• SOURCE MATERIAL:
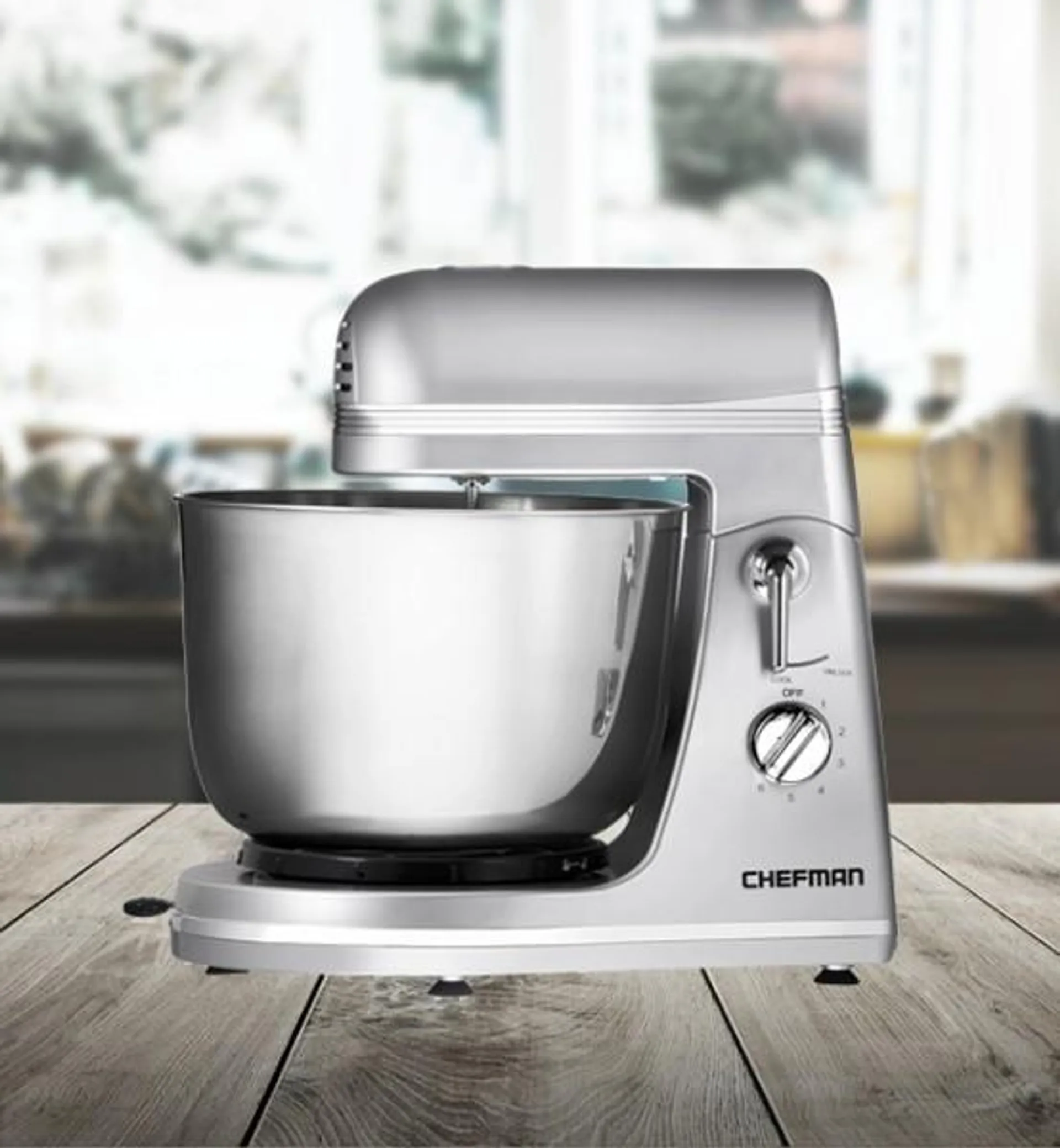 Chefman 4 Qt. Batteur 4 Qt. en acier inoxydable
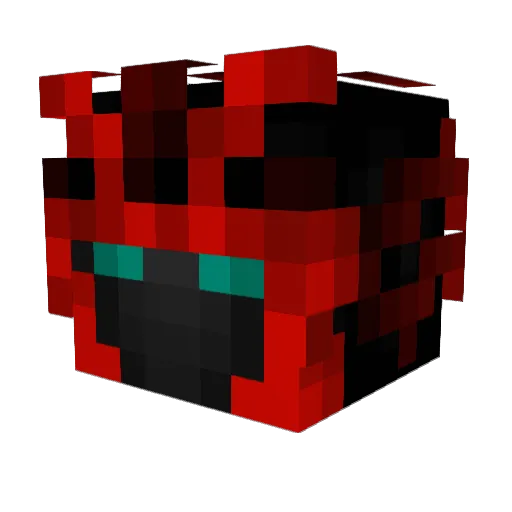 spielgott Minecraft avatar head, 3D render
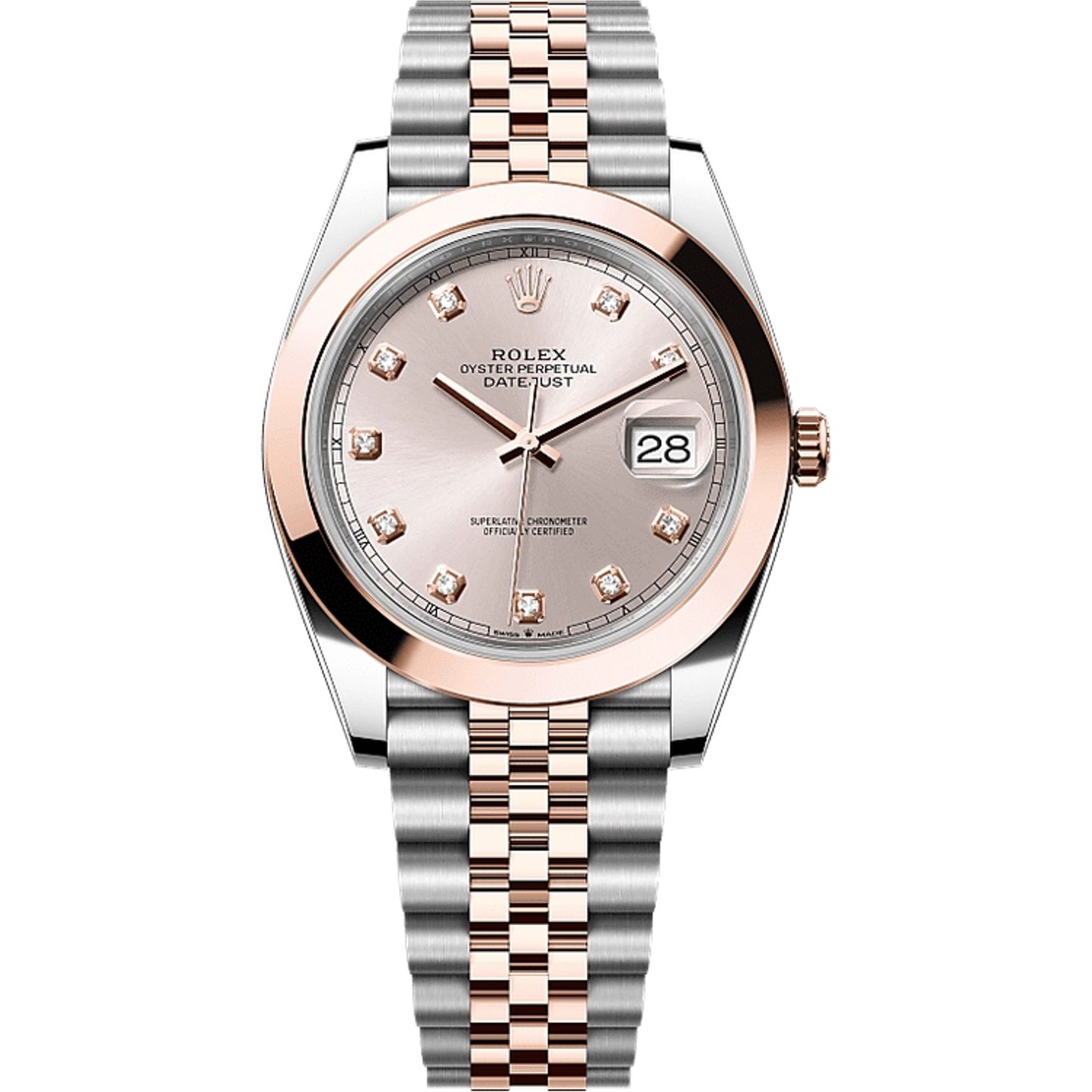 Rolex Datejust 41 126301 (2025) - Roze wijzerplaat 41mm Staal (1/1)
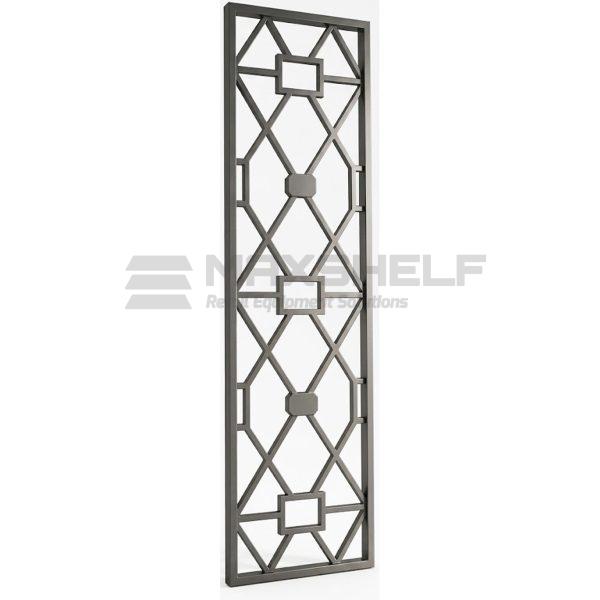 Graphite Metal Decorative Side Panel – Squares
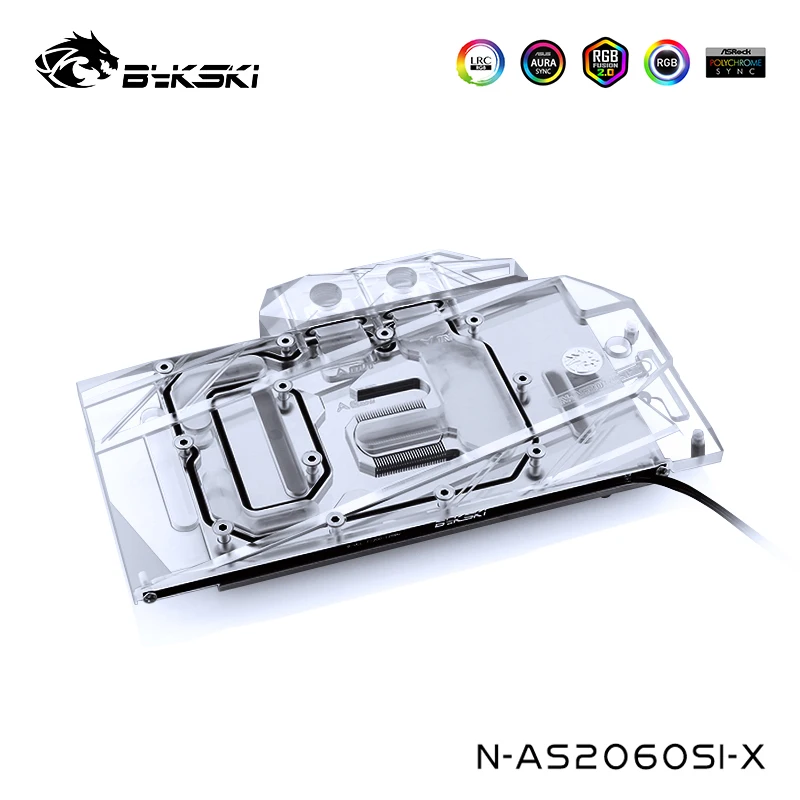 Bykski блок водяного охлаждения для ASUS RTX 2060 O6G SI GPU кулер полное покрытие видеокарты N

• WHAT IS BEING ASKED:
Output all the material above exactly once more, leaving every picture out.

• SOLUTION TO THIS PROBLEM:
 Chefman 4 Qt. Batteur 4 Qt. en acier inoxydable
 spielgott Minecraft avatar head, 3D render
 Rolex Datejust 41 126301 (2025) - Roze wijzerplaat 41mm Staal (1/1)
 Graphite Metal Decorative Side Panel – Squares
 Bykski блок водяного охлаждения для ASUS RTX 2060 O6G SI GPU кулер полное покрытие видеокарты N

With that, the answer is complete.